**WHAT THIS TASK INVOLVES**
Write out again the entries from the first line to the line that includes "Michael Kors mules", keeping both of those lines.

*** Block opens ***

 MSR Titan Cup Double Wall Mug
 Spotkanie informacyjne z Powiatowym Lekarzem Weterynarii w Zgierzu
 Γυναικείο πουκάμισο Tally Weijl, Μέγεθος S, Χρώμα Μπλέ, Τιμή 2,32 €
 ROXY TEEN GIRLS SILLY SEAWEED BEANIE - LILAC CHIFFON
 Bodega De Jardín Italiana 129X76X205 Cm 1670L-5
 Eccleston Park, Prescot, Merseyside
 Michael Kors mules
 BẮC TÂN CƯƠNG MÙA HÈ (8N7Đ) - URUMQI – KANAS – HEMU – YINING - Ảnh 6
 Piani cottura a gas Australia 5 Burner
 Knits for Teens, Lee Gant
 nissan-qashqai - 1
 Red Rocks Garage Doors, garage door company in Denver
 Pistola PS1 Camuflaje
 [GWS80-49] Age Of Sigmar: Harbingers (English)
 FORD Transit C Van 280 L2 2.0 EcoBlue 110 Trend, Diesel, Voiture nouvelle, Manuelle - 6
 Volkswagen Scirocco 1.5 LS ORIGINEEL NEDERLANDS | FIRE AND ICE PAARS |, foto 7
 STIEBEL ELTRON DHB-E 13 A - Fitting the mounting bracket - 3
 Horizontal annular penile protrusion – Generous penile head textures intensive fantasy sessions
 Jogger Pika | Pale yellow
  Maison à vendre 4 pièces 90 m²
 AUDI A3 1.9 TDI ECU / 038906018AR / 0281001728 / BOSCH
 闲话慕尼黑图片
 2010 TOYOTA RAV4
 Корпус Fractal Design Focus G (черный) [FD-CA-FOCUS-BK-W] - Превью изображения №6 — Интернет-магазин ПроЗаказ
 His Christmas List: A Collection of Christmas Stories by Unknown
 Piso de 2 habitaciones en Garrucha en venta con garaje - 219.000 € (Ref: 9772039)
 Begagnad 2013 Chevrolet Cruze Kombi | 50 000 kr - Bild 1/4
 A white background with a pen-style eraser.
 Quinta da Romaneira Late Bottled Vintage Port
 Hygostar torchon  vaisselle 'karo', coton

*** Block closes ***

**THE COMPLETED TASK**
 MSR Titan Cup Double Wall Mug
 Spotkanie informacyjne z Powiatowym Lekarzem Weterynarii w Zgierzu
 Γυναικείο πουκάμισο Tally Weijl, Μέγεθος S, Χρώμα Μπλέ, Τιμή 2,32 €
 ROXY TEEN GIRLS SILLY SEAWEED BEANIE - LILAC CHIFFON
 Bodega De Jardín Italiana 129X76X205 Cm 1670L-5
 Eccleston Park, Prescot, Merseyside
 Michael Kors mules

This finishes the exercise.